Se a tutto questo aggiungiamo il dettaglio, certo non di poco conto, che il Movimento cinque stelle, ad oggi, siede ai tavoli, partecipa agli incontri ma ancora deve decidere se sostenere Tuccillo o no. Probabilmente i grillini percorreranno la strada delle Elezioni comunali in solitario con Tommaso Malerba, ex consigliere regionale, in autunno candidato sindaco.  

Il neonato Movimento civico per la Rinascita di Afragola, propone le elezioni primarie per la scelta di un candidato sindaco unitario. L’idea, lanciata dalle pagine del loro giornale, ad oggi non è stata nemmeno presa in considerazione dal tavolo del centrosinistra. Dobbiamo contare già una ventina di liste a sostegno di quattro, cinque o sei candidati a sindaco di Afragola.

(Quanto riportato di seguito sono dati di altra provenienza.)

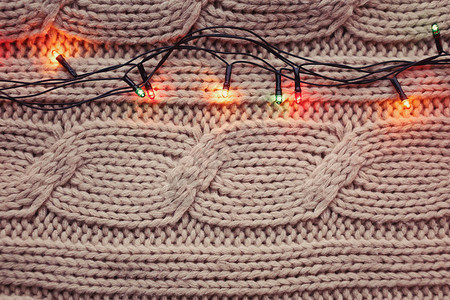 编织圣诞毛衣和彩色灯图片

Manca ancora all’appello un altro tassello per completare il puzzle delle prossime Elezioni amministrative che potrebbe nuovamente rivoluzionare le alleanze in campo. L’Area Moderata sicuramente sarà della partita con una propria candidatura ma attende e forse è l’atteggiamento migliore in questo quadro politico. Questi due mesi di fibrillazione hanno reso forte la posizione dell’Area Moderata, soprattutto nel pensare che da due mesi almeno è iniziata la corsa ed oggi molte ruote sembrano già sgonfie.

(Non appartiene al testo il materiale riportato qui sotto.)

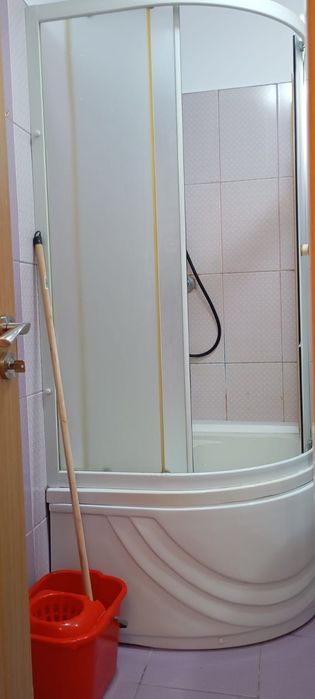 Închiriez apartament 2 camere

Ho letto in passato da qualche parte una frase: “Quando tutti gli altri sono stanchi, l’uomo saggio comincia a combattere”. Il tempo per mettere in campo un’idea, gli uomini, soprattutto il candidato Sindaco sta per arrivare ed è giusto farlo al momento giusto. A giorni l’Area Moderata sarà in campo con una sua candidatura per le prossime Elezioni amministrative, con una sua idea per Afragola, i simboli e gli uomini a sostegno e lo farà non certo per partecipare ma per vincere.